1. A process for generating prospective information regarding an application, the process comprising:

retrieving data regarding historical information for the application; and

generating prospective information regarding the application based at least in part on the historical information.

2. The process of claim 1, further comprising:

identifying components within the application and component relationships, wherein at least some of the components are part, but not all, of a document; and

testing the application to generate the historical information for the components.

3. The process of claim 2, further comprising sorting the historical information by component type.

4. The process of claim 3, wherein the historical information comprises functional and performance data for the components.

5. The process of claim 3, further comprising tracking a change in a pattern for at least one of the components.

6. The process of claim 2, further comprising sorting the historical information by relationship type.

7. The process of claim 6, further comprising tracking a change in a pattern for a relationship between components.

8. The process of claim 2, wherein the historical information includes metadata that describes how object data were collected when used by the application.

9. The process of claim 8, further comprising tracking a change in a pattern for at least part of the metadata.

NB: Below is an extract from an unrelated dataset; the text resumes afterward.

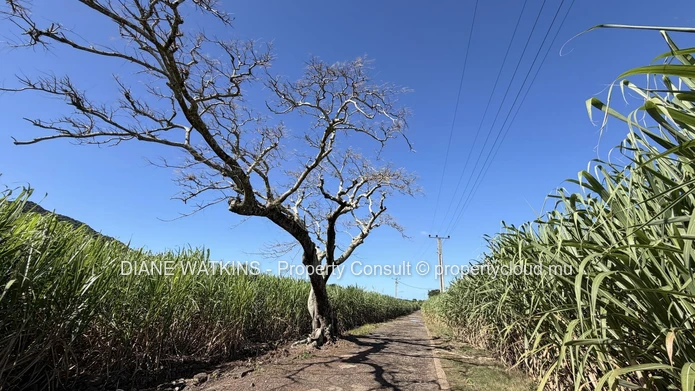 Terrain de 12 580 m² avec vue sur la montagne à vendre à Anse Jonchée, île Maurice | Opportunité éco-responsable et a...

10. The process of claim 2, wherein generating prospective information is performed using an analysis selected from:

scenario modeling;

predictive analysis;

forecasting;

scalability estimation;

a combination thereof; and

a derivation thereof.

11. The process of claim 1, further comprising constructing a profile of the application by combining pattern data that includes an object pattern and a metadata pattern for a test profile.

12. The process of claim 1, wherein the historical information includes statuses and statistics for components.

13. The process of claim 12, wherein a type of the statistics is selected from component size, load time, and number of errors.

14. The process of claim 1, wherein the historical information includes pass/fail information and alert information for components.

15. The process of claim 1, wherein generating prospective information is performed using an analysis selected from:

scenario modeling;

predictive analysis;

forecasting;

scalability estimation;

a combination thereof; and

a derivation thereof.

16. A data processing system readable medium having first code embodied therein, the code is designed to generate information regarding an application, the code comprising:

an instruction for retrieving data regarding historical information for the application; and

an instruction for generating prospective information regarding the application based at least in part on the historical information.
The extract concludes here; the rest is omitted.